I'm sitting at my desk on a Sunday morning, reading Lu Xun's "A Brief History of Chinese Fiction."
In the chapter on Tang Dynasty Prose Romances I come across a passage that begins: "Then there was Du Guangting's The Man with the Curly Beard which was extremely popular. Du was a Daoist priest in Chengdu who served under Wang Yan and left many works, mostly dealing with magic and alchemy."
Daoist priest. Chengdu. Magic and alchemy. I am intrigued.
A quick Google reveals a two sentence Wikipedia bio. The second sentence says that The Man with the Curly Beard, is sometimes considered "the earliest novel in the wuxia genre." Wuxia literally means martial arts; think Crouching Tiger, Hidden Dragon or the hugely popular novels of Louis Cha.
I am now more than intrigued. A Daoist priest in 9th century Chengdu may have written the first wuxia novel! A new character has entered my personal pantheon of Sichuan heroes. I Google the Chinese title for The Man with the Curly Beard, 虬髯客傳. A few clicks and I arrive at the Gutenberg ebook archive. One second later I have downloaded a copy of a 9th century Chinese novel to my Kindle.
Magic and alchemy, indeed.
But it gets better. Du Guangting (850-933) lived through the fall of the Tang Dynasty and the consequent creation of the Kingdom of Former Shu (also known as Great Shu), one of the many incidences of an independent state centered on Sichuan blossoming in a moment of general Chinese chaos. As a court Daoist, one of Du's duties was to shore up the legitimacy of the Former Shu.

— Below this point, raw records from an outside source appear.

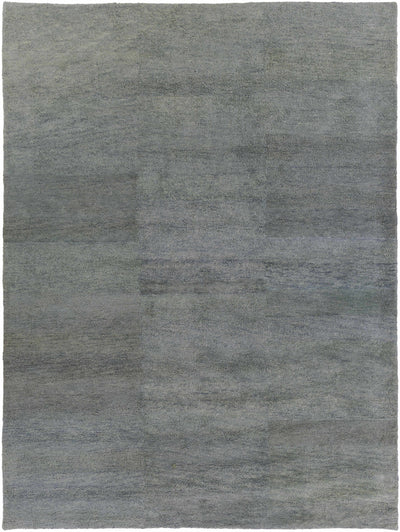 Sage Hand Woven 100% Wool Cottage Rectangle Handmade rug, Indoor use only, no fringe, non-washable.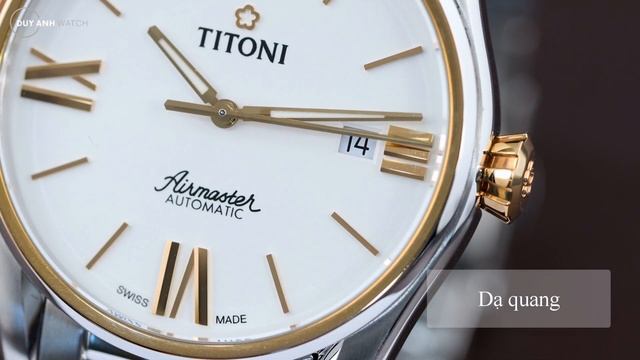 Review Đồng Hồ  Titoni Airmaster 83908 SRG-619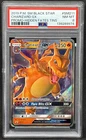 2019 Pokemon - Hidden Fates - Charizard GX - Black Star Promo - SM211 - PSA 8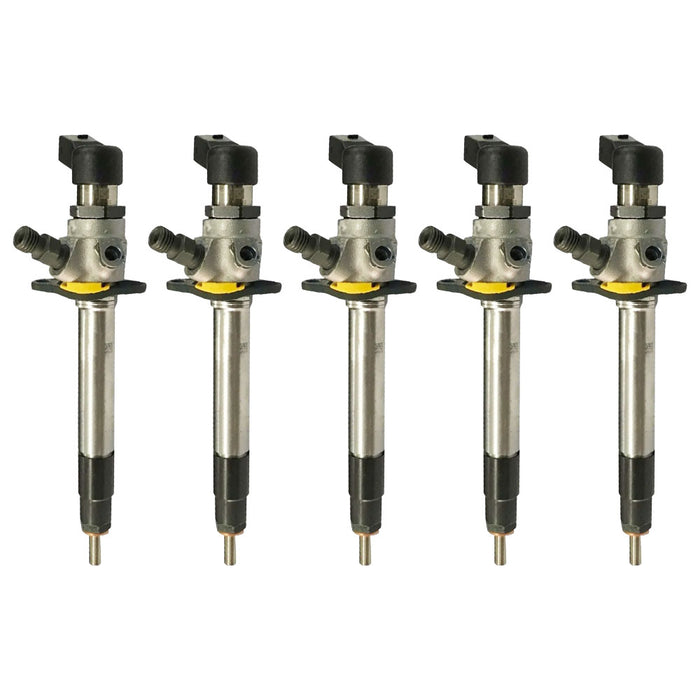 Set of 5-Genuine Diesel Fuel Injector For Land Rover Discovery 3 TDV6 2.7L A2C59513553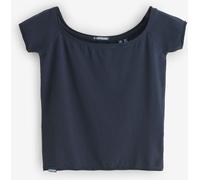 Superdry Navy Athletic Essentials Ruched Top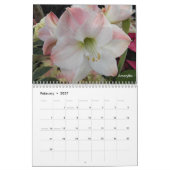 Tropische Flora fotografisch Kalender (Feb 2027)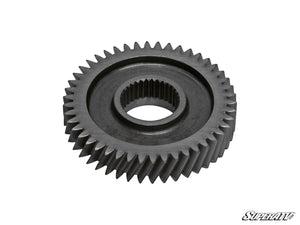 Polaris transmission gear reduction kit gears for running oversized tires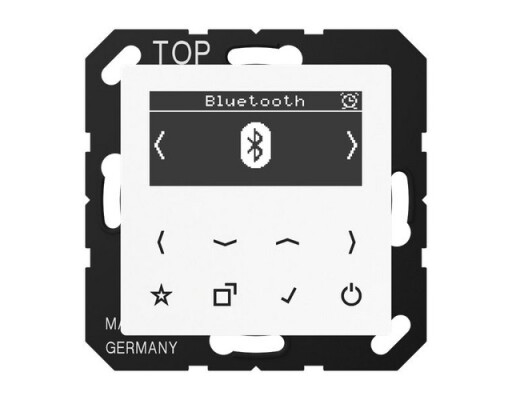 JUNG DAB A BT WW Smart Radio DAB+ mit Bluetooth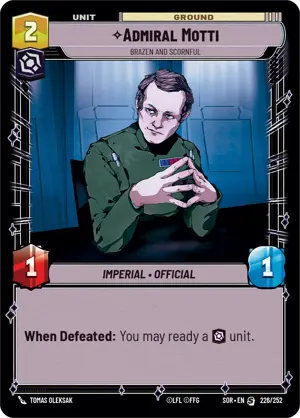 Admiral Motti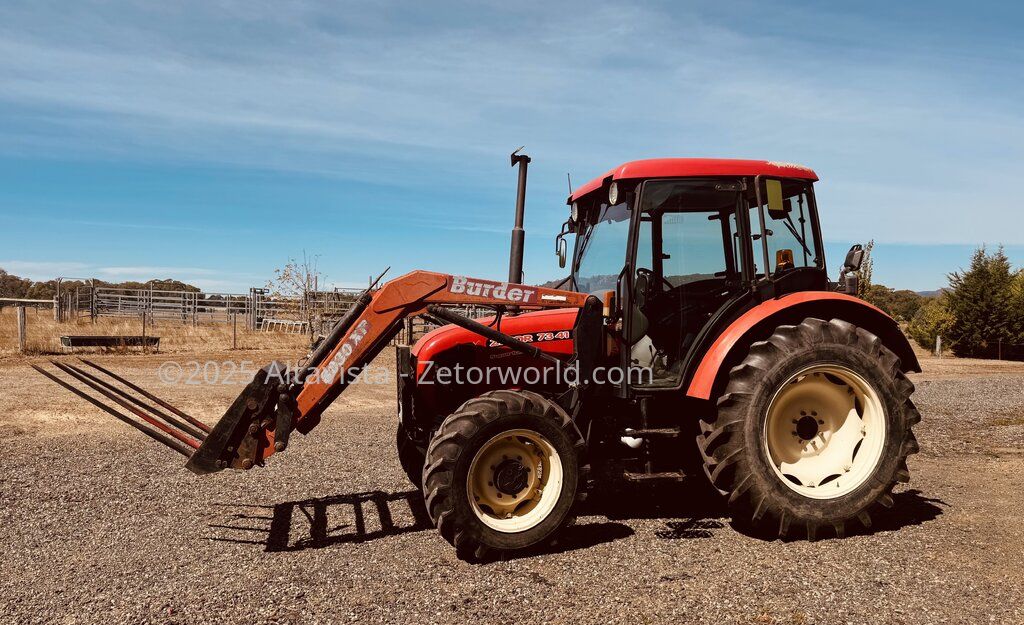 Hello All - Zetor 7341 Super Turbo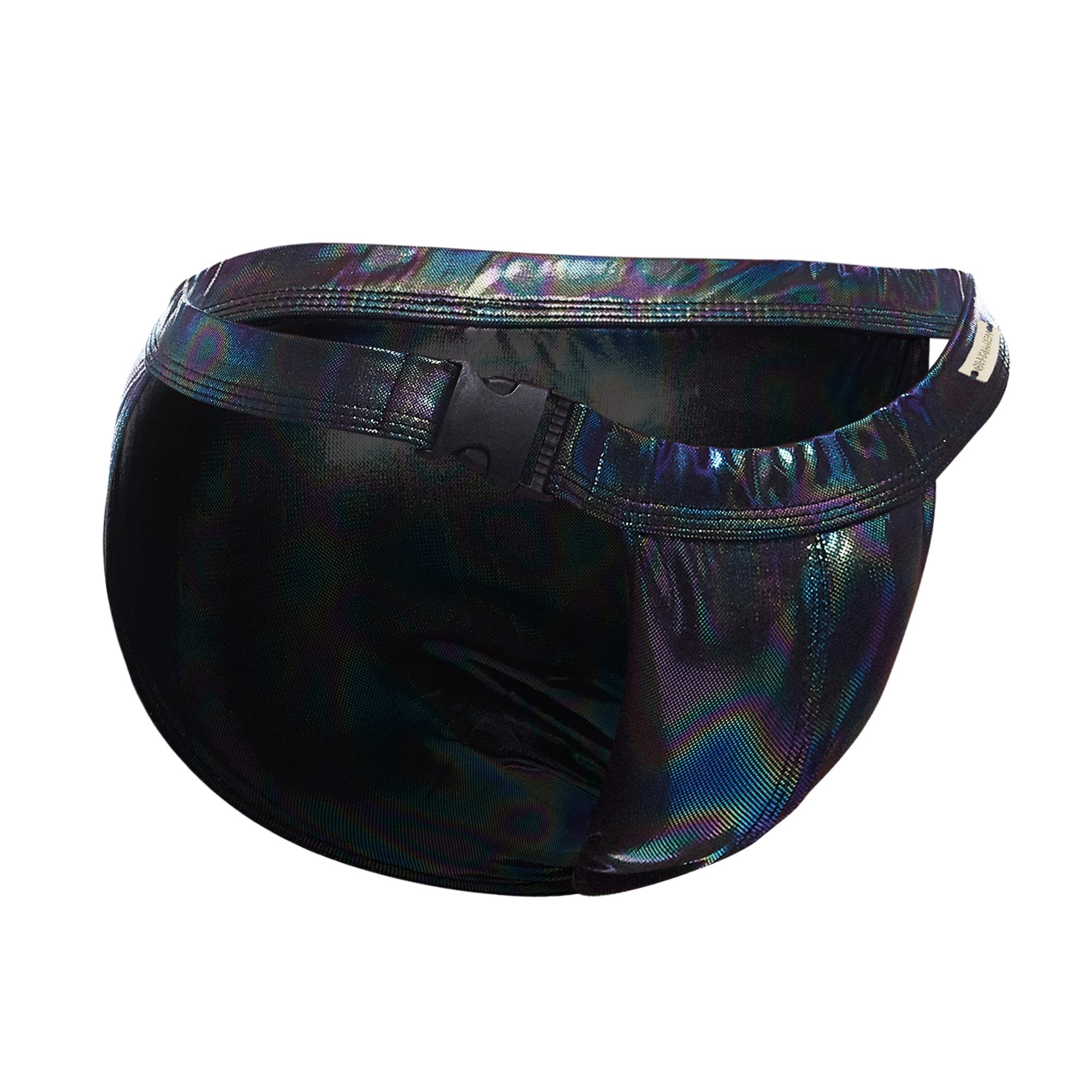 C4M Emerald Clip Tanga Brief Black S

Du proceeded to do so in "Records of Marvels," a collection of noteworthy and miraculous events associated with Sichuan that has been analyzed in great detail by the great French historian of Daoism, Franciscus Verellen. In this work, Du tells a story about the magical appearance of an army of "spirit soldiers" led by Li Bing, the hydraulic engineer who built the (still-operating!) Dujiangyan irrigation system in the third century B.C that helped turned Sichuan into the land of plenty.
Verellen writes:
On the occasion of the flooding of the river Min in 910, three years into the reign of Wang Jian as emperor of Great Shu, Li Bing, the Warring States hydraulic engineer and chief deity of water management in the Chengdu plain, made an appearance that saved the kingdom from a natural disaster. In the summer of that year, reports the Record of Marvels, when the floodwaters threatened the Chengdu plain, the shouts of thousands of men were heard in the night on the great dam at Guankou, the site of Li Bing's original hydraulic works. Rows of countless torches, impervious to the rain and wind, lit up the scene. At dawn, the great dike was found displaced by several hundred yards, diverting the flood waters into the river Xinjin. The flags that had been placed inside the Li Bing temple were all drenched. As a result of the diversion, the Chengdu plain was spared.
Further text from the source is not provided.